African-American Burial Grounds Preservation Act
STATEMENT OF MICHAEL A. CALDWELL, ASSOCIATE DIRECTOR, PARK PLANNING, FACILITIES, AND LANDS, NATIONAL PARK SERVICE, U.S. DEPARTMENT OF THE INTERIOR, BEFORE THE SENATE ENERGY AND NATURAL RESOURCES SUBCOMMITTEE ON NATIONAL PARKS, CONCERNING S. 3667, A BILL TO AMEND TITLE 54, UNITED STATES CODE, TO ESTABLISH WITHIN THE NATIONAL PARK SERVICE THE U.S. AFRICAN-AMERICAN BURIAL GROUNDS PRESERVATION PROGRAM.
MAY 11, 2022
Chairman King, Ranking Member Daines, and members of the Subcommittee, thank you for the opportunity to present the Department of the Interior’s views on S. 3667, a bill to amend title 54, United States Code, to establish within the National Park Service the U.S. African-American Burial Grounds Preservation Program.

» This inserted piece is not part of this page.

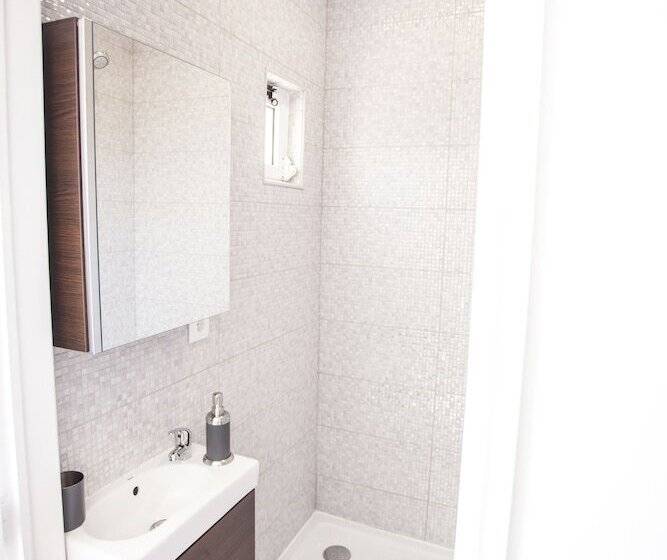 Central & Cosy Apartment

The Department supports S. 3667.
S. 3667 would direct the Secretary of the Interior to establish a program within the National Park Service to be known as the “United States African-American Burial Grounds Preservation Program.” The program would be authorized to make grants to, and enter into cooperative agreements with, other Federal agencies, State, local, and Tribal governments; other public entities; educational institutions; historic preservation groups; and private nonprofit organizations for the identification, preservation, restoration, and interpretation of African American burial grounds. S. 3667 would also authorize three million dollars to be appropriated annually for each of the fiscal years from 2023 to 2027 for carrying out this grant program. Finally, S. 3667 stipulates that the bill does not authorize the Secretary to impose any conditions on the use or management of private property without the written consent of the owner, nor prohibit the Secretary from providing guidance to a private property owner on the management of their land as a condition of a grant.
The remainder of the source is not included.